— Your objective —
Print only the lines below from the one with "Crowds of people" to the one with "The rivet hole", both included, exactly as they stand. Leave pictures out.

— Available records —
::::::::::
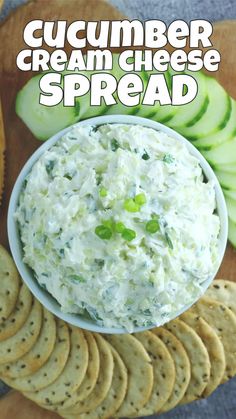 cucumber cream cheese spread in a bowl surrounded by crackers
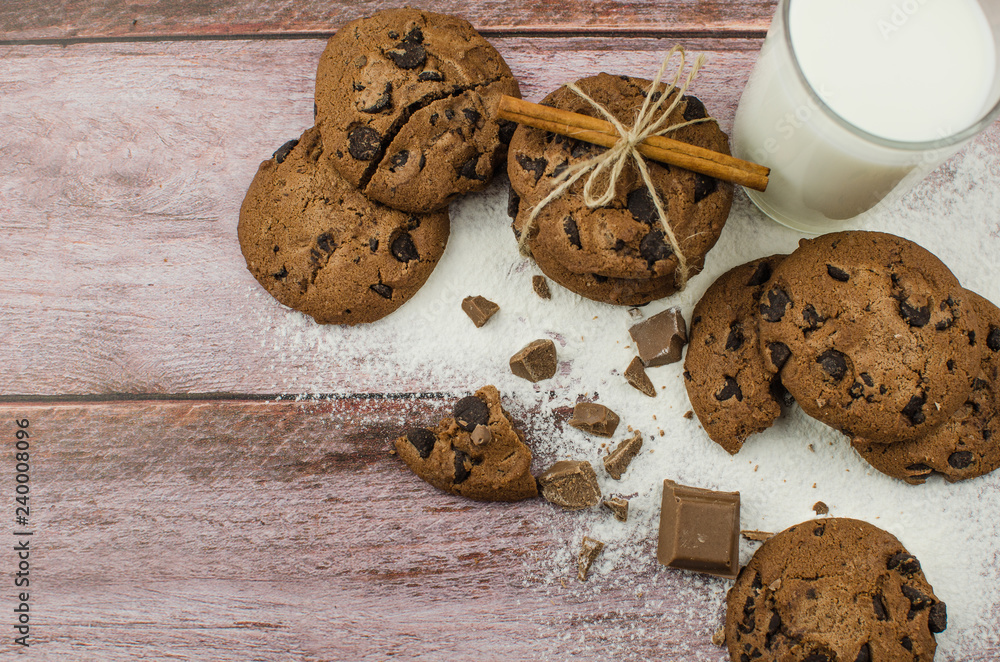 freshly baked chocolate chip cookies on rustic wooden table freshly baked chocolate chip cookies on rustic wooden table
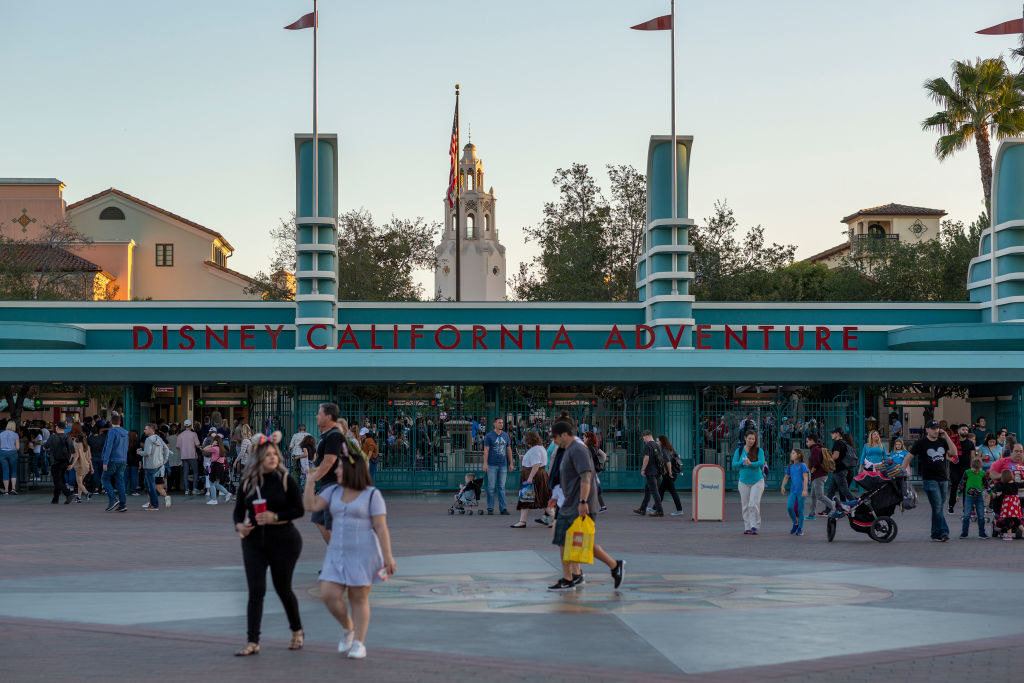 Crowds of people mill about the entrance to California Adventure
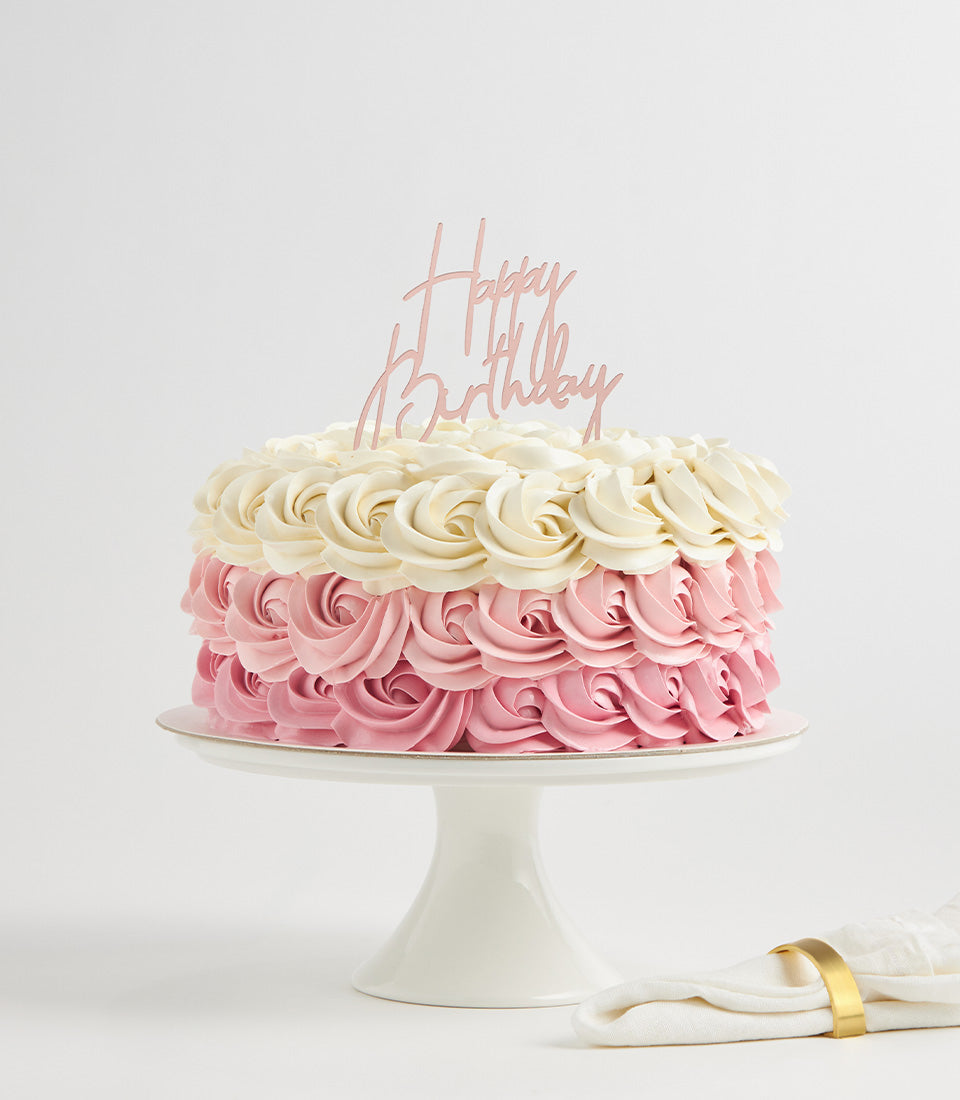 Charlotte Bakery custom cake Bangkok: Round buttercream birthday cake, frosted with pink and white rosettes and a "Happy Birthday" topper.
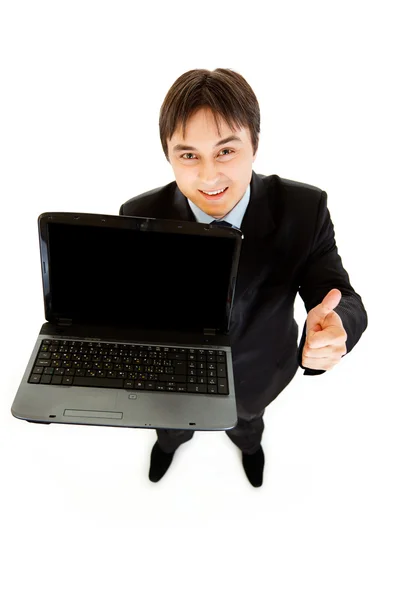 Usmívající se moderní podnikatel drží notebooky prázdná obrazovka a ukazuje palec — Stock fotografie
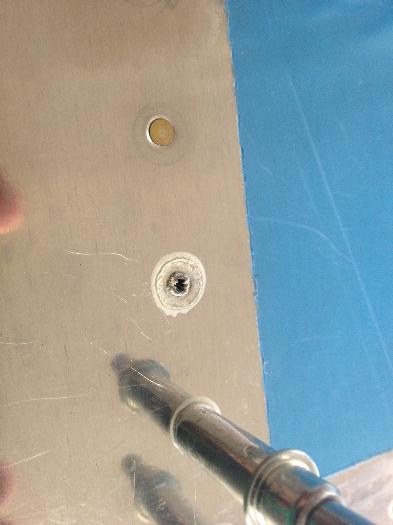 The rivet hole befor I clean the Scotchweld out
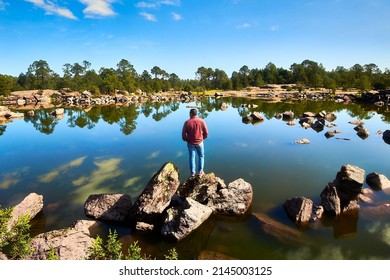 young man in front of a lake with a lot of rocks and forest in the background in mexiquillo durango, sierra madre occidental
::::::::::
— Response to the exercise —
 Crowds of people mill about the entrance to California Adventure
 Charlotte Bakery custom cake Bangkok: Round buttercream birthday cake, frosted with pink and white rosettes and a "Happy Birthday" topper.
 Usmívající se moderní podnikatel drží notebooky prázdná obrazovka a ukazuje palec — Stock fotografie
 The rivet hole befor I clean the Scotchweld out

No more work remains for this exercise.